▸ Your assignment: Pictures stay out of the output. Return exactly the lines below from the one with "IXS Skywave Black" down to the one with "Pets First Cincinnati", both included, and nothing more.

▸ Information shown:
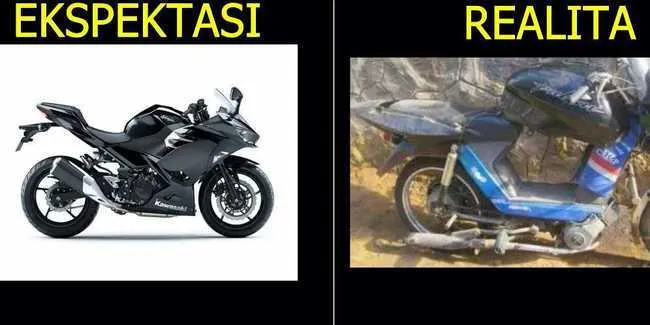 Ekspektasi Vs Realita 8 Potret Lucu Motor Impian Yang Tak Sesuai Keinginan Otosia Com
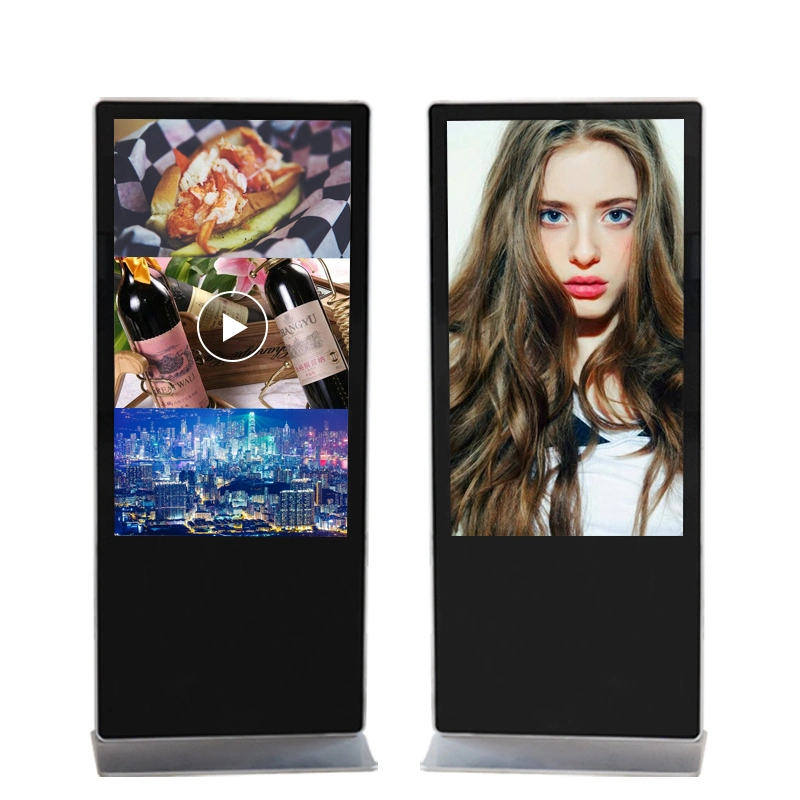 Semi Outdoor Ad 40-50 Inches Indoor Advertising Media Player Vertical Kiosk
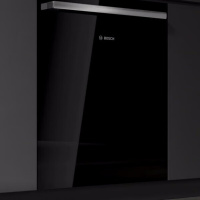 博世SJU6ZMB66C三层碗篮沸石洗碗机 黑色18套三层10天存储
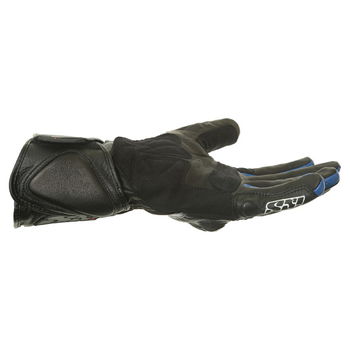 IXS Skywave Black Blue Motorcycle Gloves Little finger side                                                                                                                                                                                                    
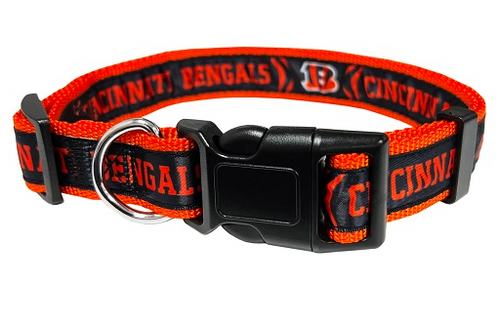 Pets First Cincinnati Bengals Satin Adjustable Dog Collar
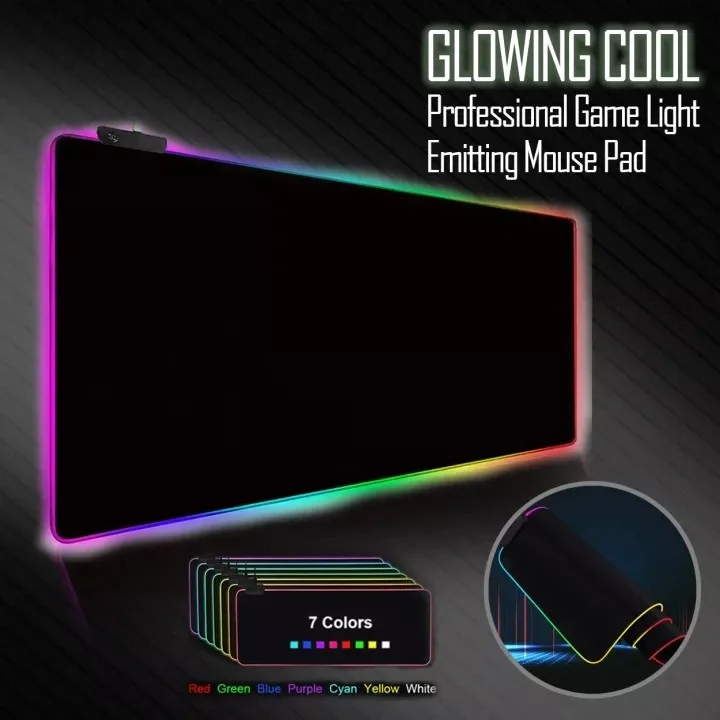 ماوس پد بزرگ حرفه ای گیمینگ با نورپردازی RGB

▸ Written solution:
 IXS Skywave Black Blue Motorcycle Gloves Little finger side                                                                                                                                                                                                    
 Pets First Cincinnati Bengals Satin Adjustable Dog Collar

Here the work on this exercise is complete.